ASSIGNMENT.
Your task is to repeat all of the data exactly while excluding the pictures.

DATA BELOW.
BEGIN

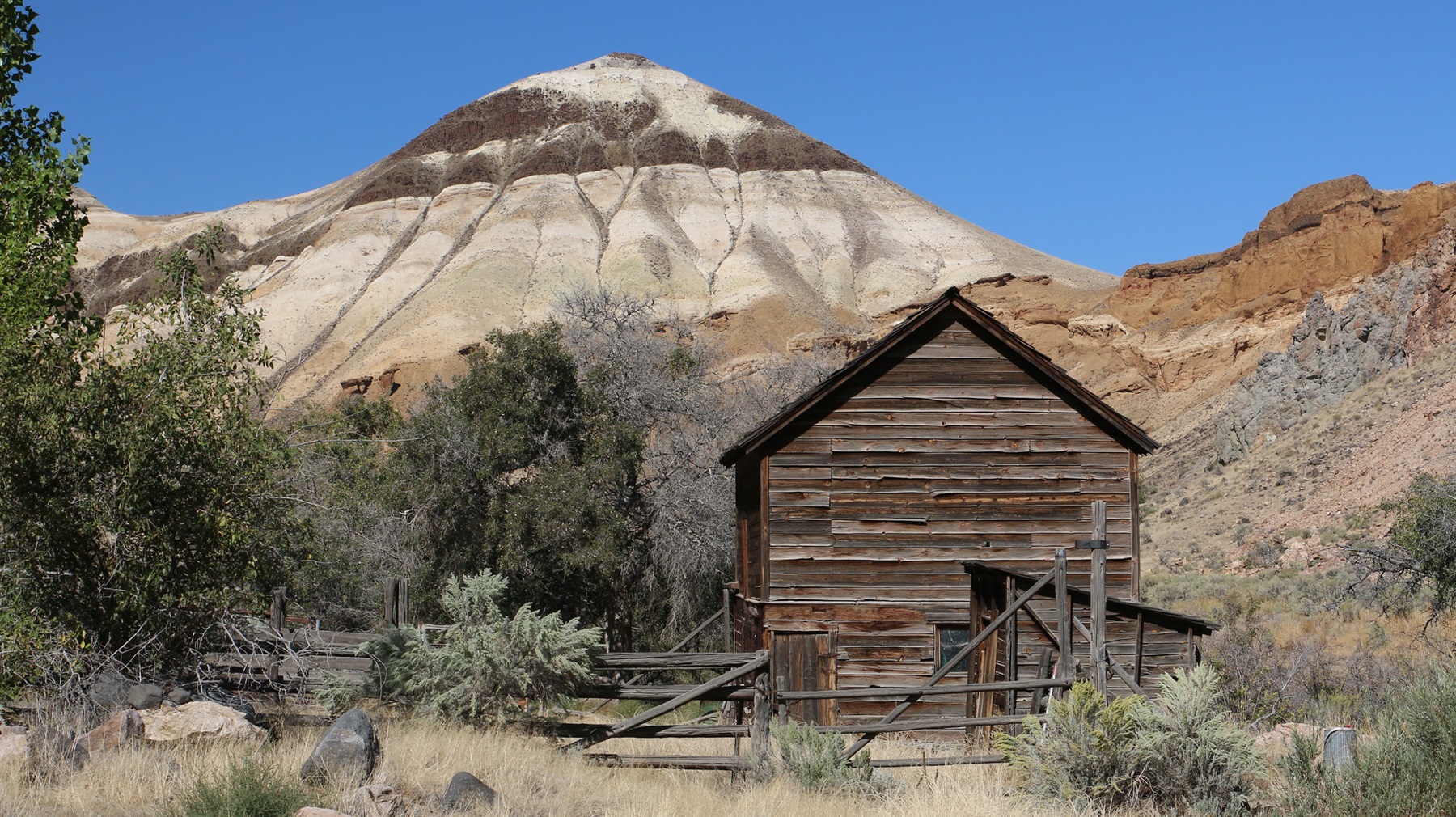 A green meadow framed by a dark lava-rock wall and wooden fence, with red canyon cliffs rising behind at Birch Creek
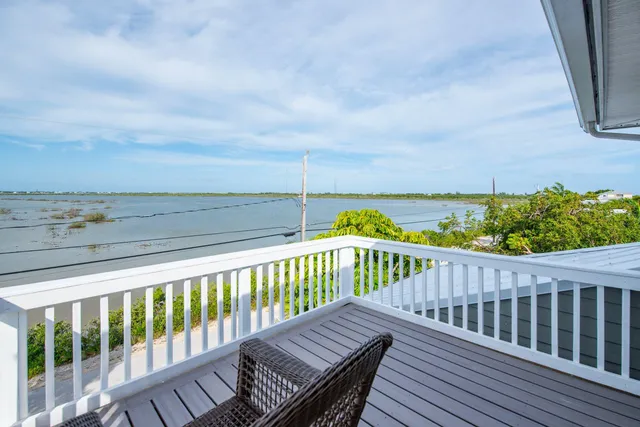 a view of balcony with wooden floor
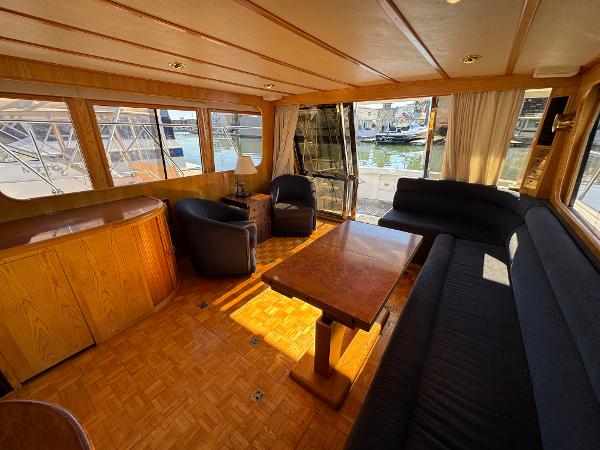 Luxurious interior of a 1991 Ocean Alexander 46 yacht with elegant wood finishes.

END

SOLUTION.
 A green meadow framed by a dark lava-rock wall and wooden fence, with red canyon cliffs rising behind at Birch Creek
 a view of balcony with wooden floor
 Luxurious interior of a 1991 Ocean Alexander 46 yacht with elegant wood finishes.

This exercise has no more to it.